THE PRIVATE ISLANDS BLOG has “East Germany Lives On – As a Tiny Caribbean Island“. The island is uninhabited. Hell, in my last job I ran into numerous USSR passports, issued as late as 2000!
intheboatshed.net has “Hervey Benham on the wonderful benefits of sailing a smack“. Don’t know what a smack is? Go and find out then.
Never Sea Land is getting ready to buy a bigger boat, which means his cool “Norseboat 17.5 Searaven is for sale“. (He is on the US West Coast)
Haight’s Maritime Items has:
Maine – buoy bells have gone missing – The US Coast Guard issued a press release stating that a growing number of buoy bells have been removed from buoys along the Maine coast. Investigators suspect they are being stolen and sold. (8/14/08). – Dennis Bryant Holland & Knight homepage (Used with Permission)
Paris MOU – Annual Report – 2007 – The Paris MOU issued its Annual Report on Port State Control for 2007. It notes, that after several years of declining detention rates, those rates are now climbing. The report speculates that several factors may play a role, such as increased demand for tonnage worldwide and the reported difficulties of shipowners in finding well-qualified and experienced seafarers. (8/21/08). – Dennis Bryant Holland & Knight homepage (Used with Permission)
Fairplay Daily News has:
Three die as workers used for yard test – PROTESTERS have carried a mock coffin through Istanbul to dramatise their allegations of poor safety in Turkish shipyards.
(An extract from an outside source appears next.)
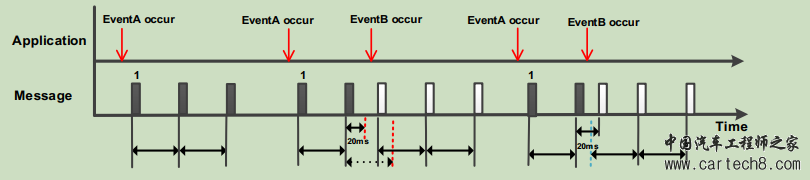 Communication RequirementSpecificationw5.jpg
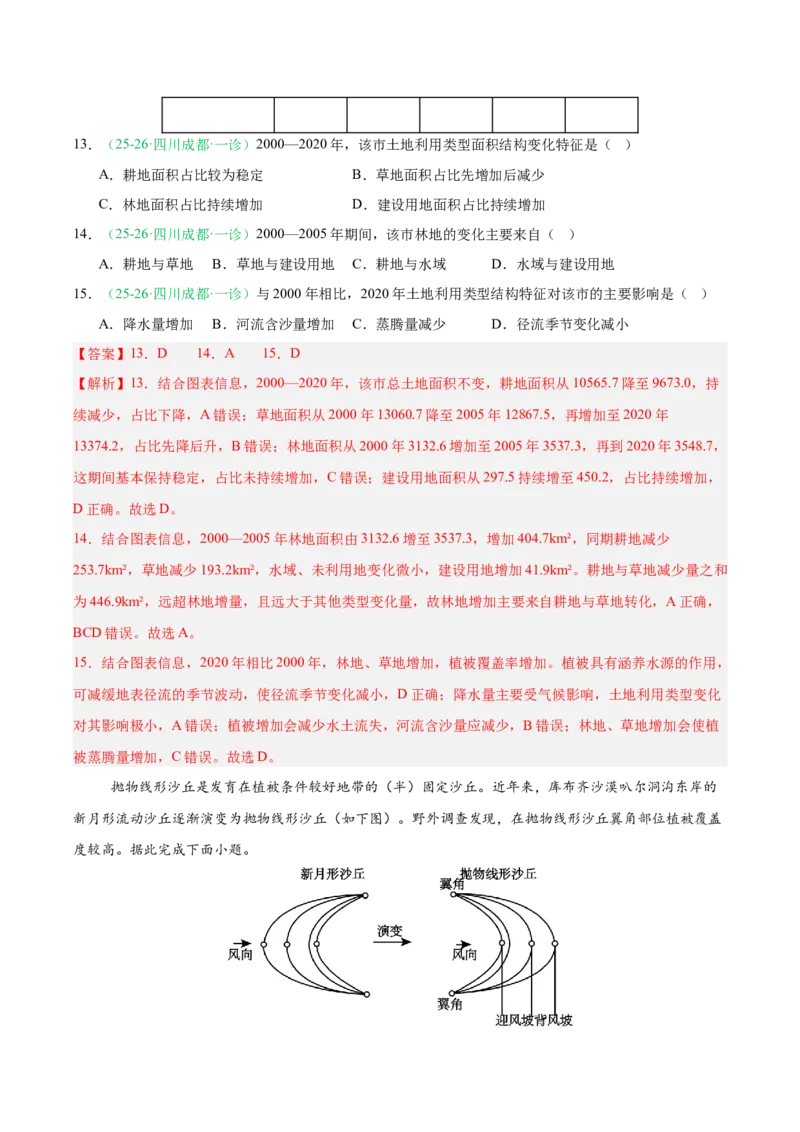 《专题05自然地理环境的整体性与差异性（含植被、土壤）（4大考点）（教师版）(1)_地理_2027年高考地理专项复习_2026年高考地理一模试题分类汇编（四川专用）-G175_2026版》第6页预览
In the most recent mishap, three men were killed on 11 August during a freefall test on a lifeboat at the Gisan yard in Istanbul’s Tuzla area. Thirteen others in the lifeboat were injured when a supporting cable snapped, propelling the craft onto a newly built tanker.
Protesters said 99 workers have been killed at the yard since 1992, but Gisan’s founder, Mehmet Oyar, told Turkish reporters that inexperienced workers were to blame for the deaths.
When asked why workers were used to load the lifeboat instead of sandbags, Oyar said: “I’ve done this job for 48 years, and I don’t know about sandbags. Sandbags are not used in those tests.”
He added that Turk Loydu, the Turkish classification and certification society, permitted using people for the lifeboat test.
The accident closed Gisan for two days. – Fairplay Homepage (Used with Permission)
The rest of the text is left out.